##### RAW DATA
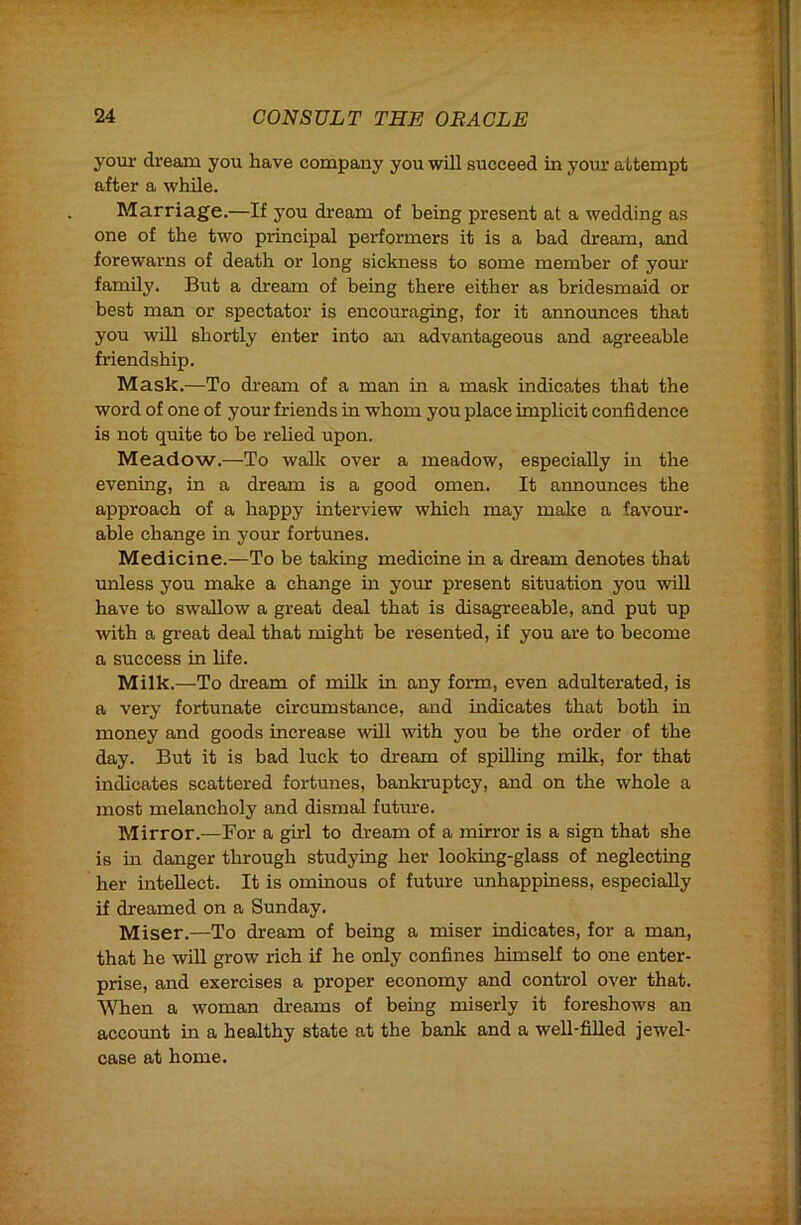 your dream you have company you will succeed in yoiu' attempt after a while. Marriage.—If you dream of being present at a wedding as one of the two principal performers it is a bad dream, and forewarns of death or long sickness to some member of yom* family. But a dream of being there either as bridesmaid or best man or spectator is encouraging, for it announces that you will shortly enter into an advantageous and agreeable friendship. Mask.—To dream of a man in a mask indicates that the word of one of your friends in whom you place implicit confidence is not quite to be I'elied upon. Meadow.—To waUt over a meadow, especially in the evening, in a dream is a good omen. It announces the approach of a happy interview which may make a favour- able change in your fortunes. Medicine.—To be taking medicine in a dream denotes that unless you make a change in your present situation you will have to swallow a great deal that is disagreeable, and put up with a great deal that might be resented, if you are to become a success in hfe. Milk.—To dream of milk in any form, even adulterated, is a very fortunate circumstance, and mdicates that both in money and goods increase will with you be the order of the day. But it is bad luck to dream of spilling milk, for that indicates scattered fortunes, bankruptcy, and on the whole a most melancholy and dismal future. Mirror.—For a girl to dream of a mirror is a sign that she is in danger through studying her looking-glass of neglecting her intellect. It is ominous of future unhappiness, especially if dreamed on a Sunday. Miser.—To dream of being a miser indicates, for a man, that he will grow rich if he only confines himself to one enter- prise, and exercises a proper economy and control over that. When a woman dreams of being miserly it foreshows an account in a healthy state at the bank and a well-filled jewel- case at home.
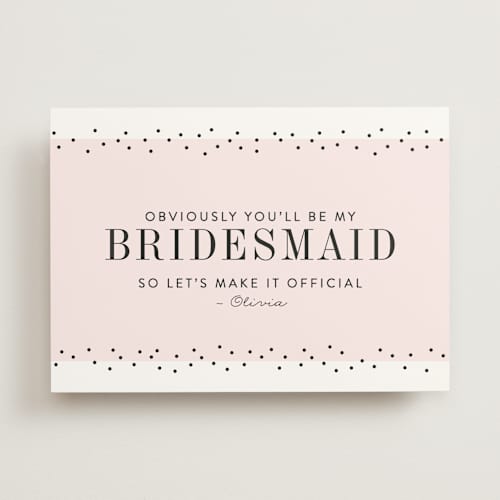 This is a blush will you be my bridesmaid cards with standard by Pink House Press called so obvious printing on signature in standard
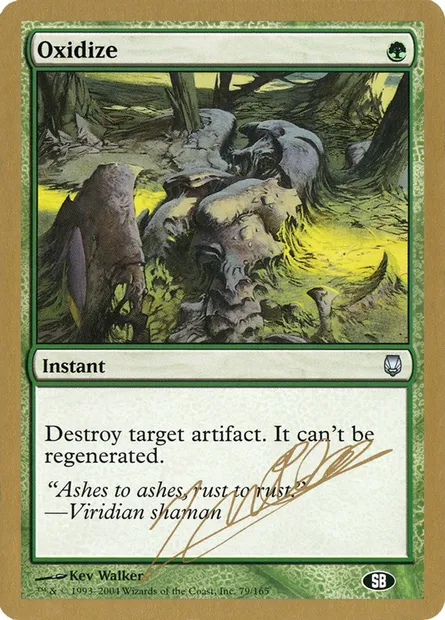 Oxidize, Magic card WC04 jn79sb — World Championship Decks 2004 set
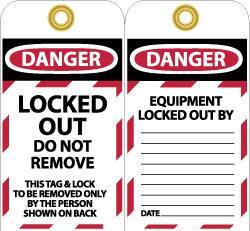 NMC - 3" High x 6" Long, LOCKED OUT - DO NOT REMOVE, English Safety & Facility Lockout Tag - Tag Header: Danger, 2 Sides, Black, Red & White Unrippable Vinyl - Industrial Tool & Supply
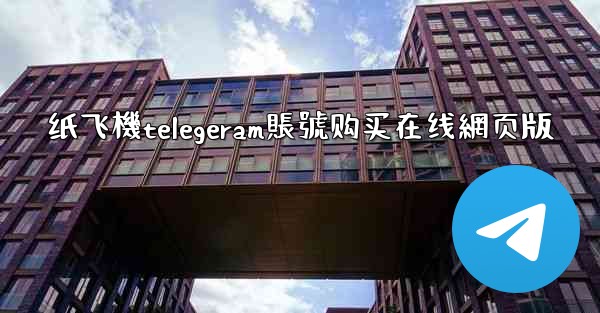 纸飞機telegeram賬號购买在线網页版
##########
_ACTION ITEM:_ Reproduce each entry verbatim, excluding any embedded images.

_REPLY TO THE EXERCISE:_
 your dream you have company you will succeed in yoiu' attempt after a while. Marriage.—If you dream of being present at a wedding as one of the two principal performers it is a bad dream, and forewarns of death or long sickness to some member of yom* family. But a dream of being there either as bridesmaid or best man or spectator is encouraging, for it announces that you will shortly enter into an advantageous and agreeable friendship. Mask.—To dream of a man in a mask indicates that the word of one of your friends in whom you place implicit confidence is not quite to be I'elied upon. Meadow.—To waUt over a meadow, especially in the evening, in a dream is a good omen. It announces the approach of a happy interview which may make a favour- able change in your fortunes. Medicine.—To be taking medicine in a dream denotes that unless you make a change in your present situation you will have to swallow a great deal that is disagreeable, and put up with a great deal that might be resented, if you are to become a success in hfe. Milk.—To dream of milk in any form, even adulterated, is a very fortunate circumstance, and mdicates that both in money and goods increase will with you be the order of the day. But it is bad luck to dream of spilling milk, for that indicates scattered fortunes, bankruptcy, and on the whole a most melancholy and dismal future. Mirror.—For a girl to dream of a mirror is a sign that she is in danger through studying her looking-glass of neglecting her intellect. It is ominous of future unhappiness, especially if dreamed on a Sunday. Miser.—To dream of being a miser indicates, for a man, that he will grow rich if he only confines himself to one enter- prise, and exercises a proper economy and control over that. When a woman dreams of being miserly it foreshows an account in a healthy state at the bank and a well-filled jewel- case at home.
 This is a blush will you be my bridesmaid cards with standard by Pink House Press called so obvious printing on signature in standard
 Oxidize, Magic card WC04 jn79sb — World Championship Decks 2004 set
 NMC - 3" High x 6" Long, LOCKED OUT - DO NOT REMOVE, English Safety & Facility Lockout Tag - Tag Header: Danger, 2 Sides, Black, Red & White Unrippable Vinyl - Industrial Tool & Supply
 纸飞機telegeram賬號购买在线網页版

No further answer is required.